Другая, Дорка, крутясь в лесной крапиве меж стрёмных кабаньих ям, иногда, прячась в кустах узким руслом, появляется по краю полей, в интимных местах покрываясь в начале лета зарослями жёлтых ирисов и кувшинок.
В своём верхнем течении Дорка стороной обходит сросшиеся деревни Коломино-Фрязино – ещё не так давно настоящие русские деревни с гусями, курами, индюками, избами, колодцами и прудом. В своё время, в начале Х1Х века, в этих тихих местах случились весьма примечательные и в высшей степени интересные события, о которых, как говорится, история умалчивает. Собственно, история сама по себе ничего не умалчивает. А вот учебники в школе, – да, есть у них такой грех. Как-то на конференции я услышал доклад «О компьютерной реставрации староверческой церкви в селе Коломино, разрушенной войсками Наполеона в октябре 1812 года». Не понял… Это что, то самое Коломино в 60 км к востоку от Москвы, вокруг которого я хожу за грибами с раннего детства? А как же Михал Юрьич Лермонтов с его «Скажи-ка, дядя, ведь не даром…»? Почему он ничего не написал о маршале Нее, который отправился далеко на восток от Москвы по Владимирскому тракту, по пути на короткое время заняв Бронницы и Богородск (Ногиск сегодня). Почему не сослался на приказ Кутузова князю Голицину, тогдашнему руководителю ополчения, не чинить препятствий Наполеону в его продвижении на Владимир? Почему в его поэме нет ни слова о роли местных староверов и отрядов народного партизана Герасима Курина в разгроме наполеоновских войск? И уж конечно, Лермонтов не знал, что от Богородска до деревни Коломино по прямой всего-то 15 километров, а до моей дачи – 17. Ну ладно, об этом следующий раз.

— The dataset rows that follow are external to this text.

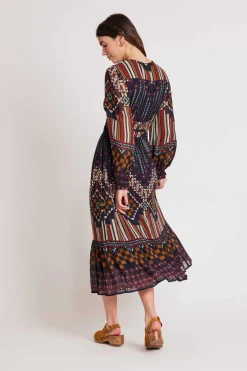 Sale Robe mi- longue col V imprimée SEGOLENE Robes Imprimées|Robes Longues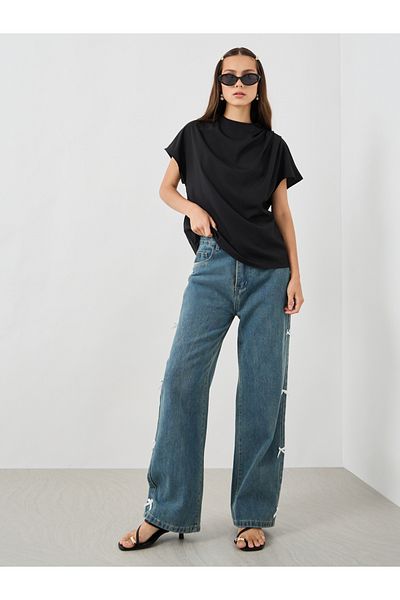Styli Solid Cowl Neck Short Sleeve Top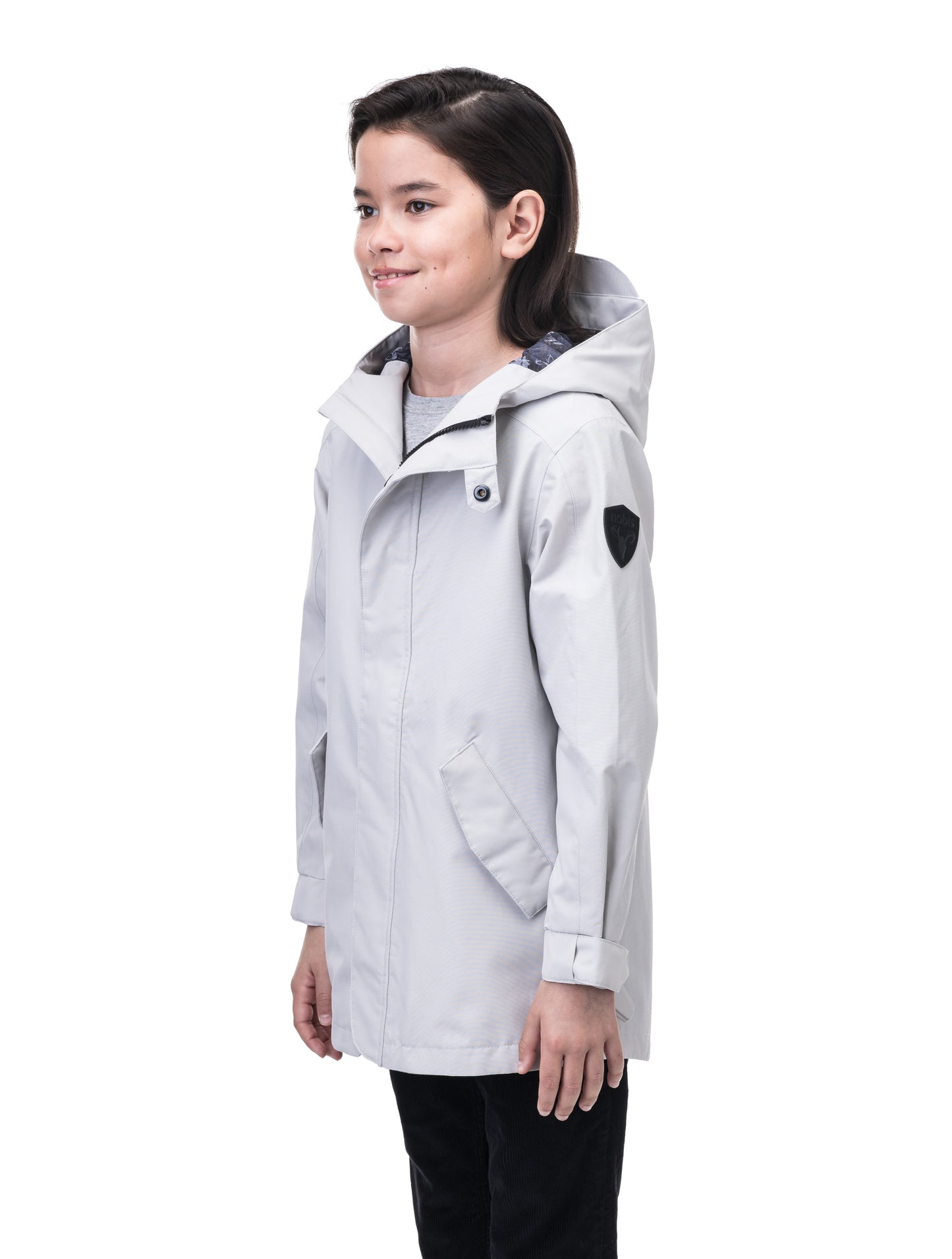 Kids' hip length raincoat with hood in Lt Grey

Все же, деревни Коломино и Фрязино примечательны не Наполеоном (пришёл-пожёг-ушёл-забыли), а тем, что там до конца девяностых располагался завод, изготовлявший детские фарфоровые игрушки. Этот завод при всей его залесной отдалённости и внешней неприметности на самом деле продолжал традицию, идущую ещё со второй половины восемнадцатого века, когда детские фарфоровые игрушки были едва ли не главной статьёй тогдашнего гжельского ассортимента: в год их выпускалось аж около ста тысяч.

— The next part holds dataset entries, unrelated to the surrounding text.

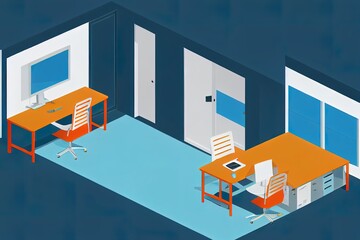 3d isometric view office room, working place. Working room with table, monitor, gallon of water, dispenser, personal computer, keyboard, door and frame. 3d illustration. Warm light.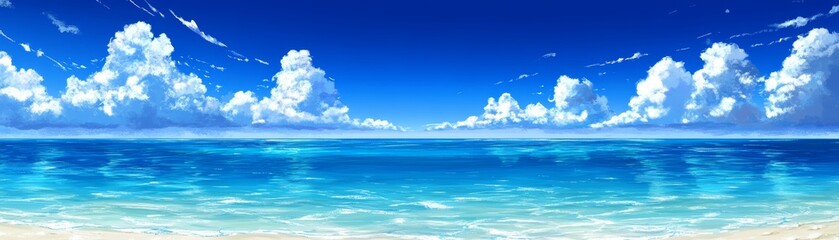 Serene coastal paradise, azure sky meets crystalclear turquoise waters on a pristine white sand beach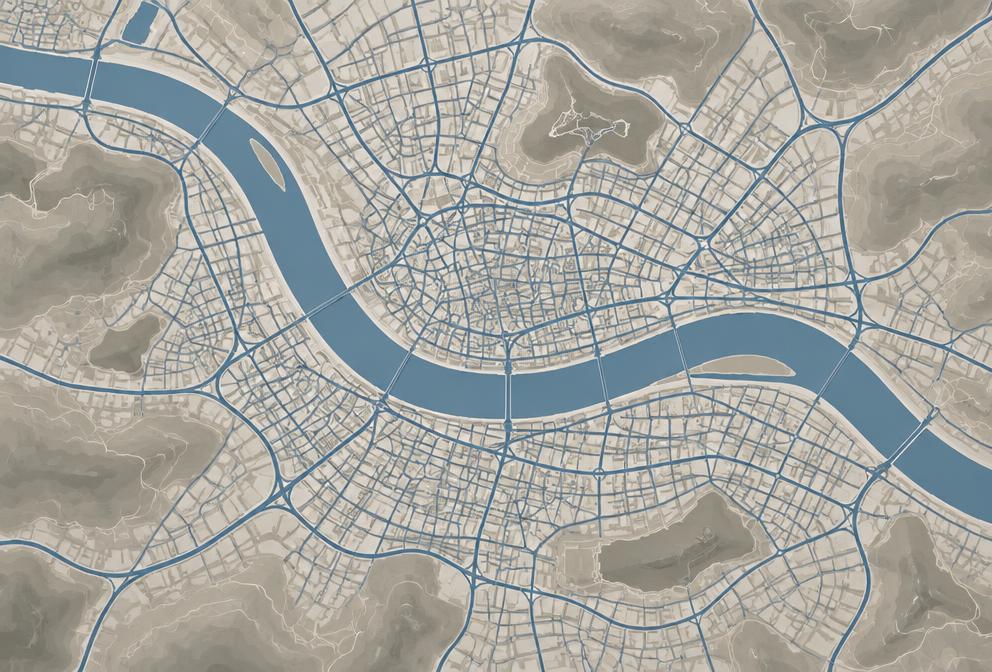 Abstract cartographic visual for the PREMIUM map family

Там и сейчас ко входу в бывший цех с трубой ведёт неизвестно кем высаживаемая аллея с бархотками и ноготками по краям. Правда, кроме кучи битого фарфора ничто не напоминает о былой фарфоровой славе. Заброшенное помещение охраняет только ветер и гадюки с близлежащего болота.

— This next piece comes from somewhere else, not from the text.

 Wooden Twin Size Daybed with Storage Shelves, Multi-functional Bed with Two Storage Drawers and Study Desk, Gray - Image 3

Ещё ребёнком я столкнулся с довольно необычным применением этих игрушек. Дело в том, что Коломино-Фрязино связывает с железнодорожной станцией только одна дорога. Вначале она пересекает поле, потом тянется километра три сквозь лес, а потом опять выходит на открытое пространство. Так вот, лесная часть всегда была довольно сырая и низменная из-за протекающей сквозь лес Дорки. А кроме пеших, там ещё ездили на велосипедах, телегах и мотоциклах, в результате чего образовывались довольно глубокие и неприятные ямы с чёрной грязью. Эти ямы как раз и засыпали недоделанными некрашеными ещё мишками, белочками и лисичками. Их было так много, что создавалось впечатление, будто весь коломиновский завод только и работает для того, чтобы засыпать ненасытную дорогу.
У сельских дорог характер трудный, но интересный. Ведь что такое три километра по асфальту? Да ничего. От силы сорок минут пешком без всяких эмоций. Не то по природе. Вот по краям дороги поле, метров четыреста всего, а сколько на нём разных цветов, кабаньих пролежней, горок кротовых, меняющихся на жарком солнце запахов. Не поле, а сюжет целый. Раздолью кладёт предел лес со множеством микроклиматических зон внутри него. Метров сто светлых дубков и опятных в сезон берёз, а за ними, ближе к руслу реки, крапива выше головы, комары и ольха. За ольхой, уже после кое-как сложенного из бетонных плит и брёвен мостика через Дорку – заросли лесной черёмухи, переходящей в сосняк и широкие лесные поляны. На одной из таких полян возвышается здоровенный старый дуб, хорошо известный тем, что на нём от века располагается огромное шершнёвое гнездо. Вокруг дуба красиво – ранним летом там цветёт море «солдатиков», розовых фиалок, иван-да-марьи, медуницы и других наивных цветов. В этих местах, ближе к сумеркам, при желании можно увидеть лунь, ухающую в зарослях калины и лосих с лосятами, неожиданно и шумно срывающихся от вашего приближения.
От дуба, левее, лесная тропинка ведёт к источнику, оборудованному, как и водится, козырьком, иконкой и скамеечкой. А лесная дорога направляется дальше, туда, где неподалеку, правее, располагается «Стасова поляна», неожиданно низкое место метров где-то тридцать на сорок, вокруг которого в конце лета появляются крепкие черноголовики. Я никогда особо не интересовался названием места. Думал, мол, Стас этот схимник какой был или охотник. Есть же на речке Нерской место под названием «Могила охотника», вот и тут, может, что-то подобное.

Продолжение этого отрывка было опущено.